**Exercise brief:**
The material beneath this line should be printed exactly, with its pictures omitted.

**Raw data:**
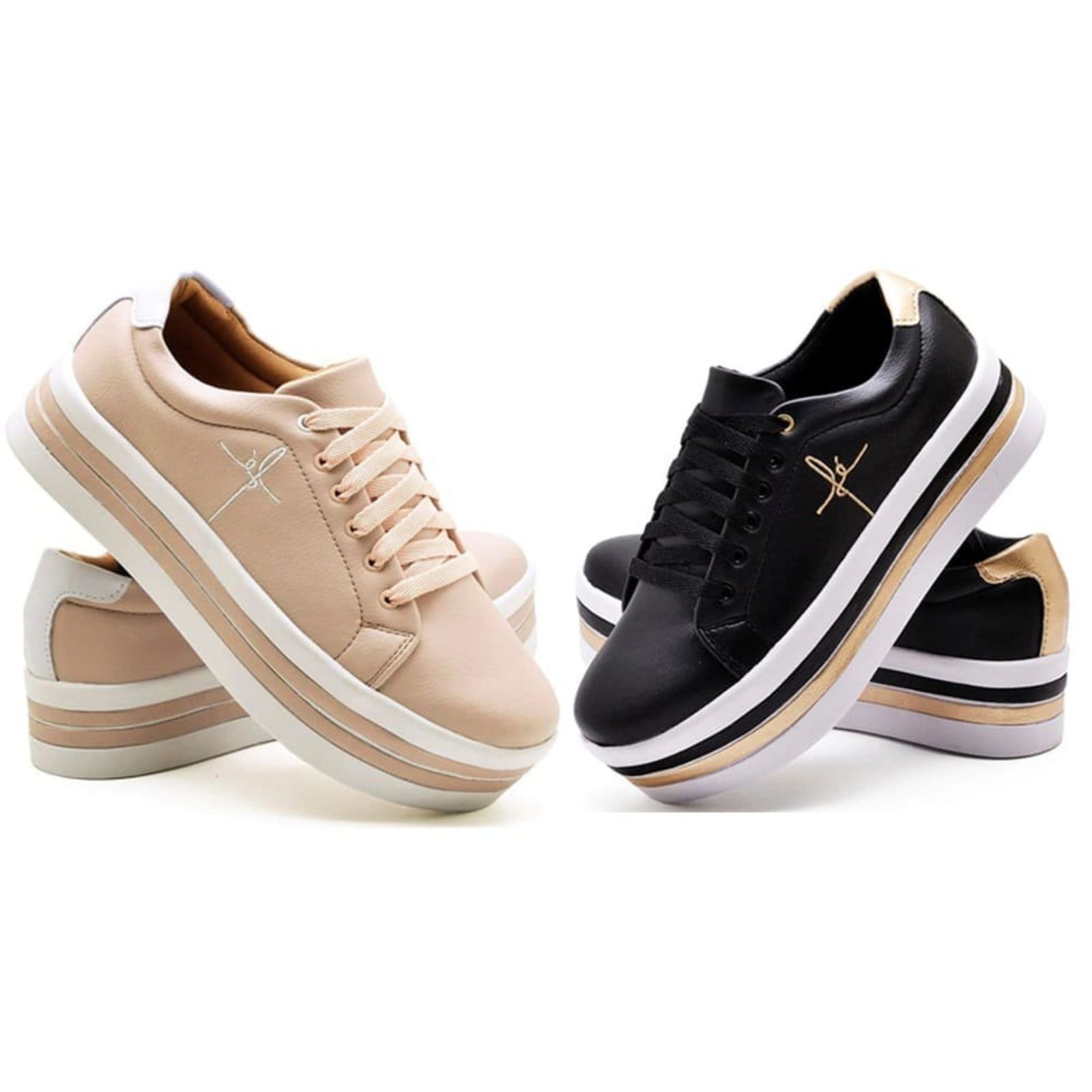 Vista principal Kit 2 Tênis Feminino GuGi Plataforma Bordado Fé Detalhes Laterais Da Sola Preto e Gugi nude/preto nude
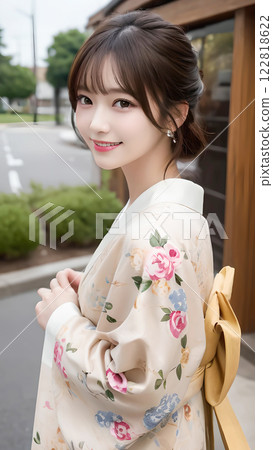 A young lady in kimono 122818622
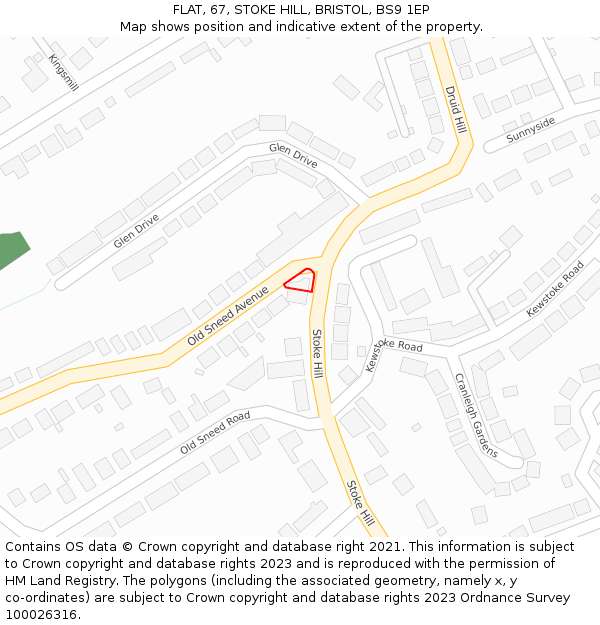 FLAT, 67, STOKE HILL, BRISTOL, BS9 1EP: Location map and indicative extent of plot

**Reply to the task:**
 Vista principal Kit 2 Tênis Feminino GuGi Plataforma Bordado Fé Detalhes Laterais Da Sola Preto e Gugi nude/preto nude
 A young lady in kimono 122818622
 FLAT, 67, STOKE HILL, BRISTOL, BS9 1EP: Location map and indicative extent of plot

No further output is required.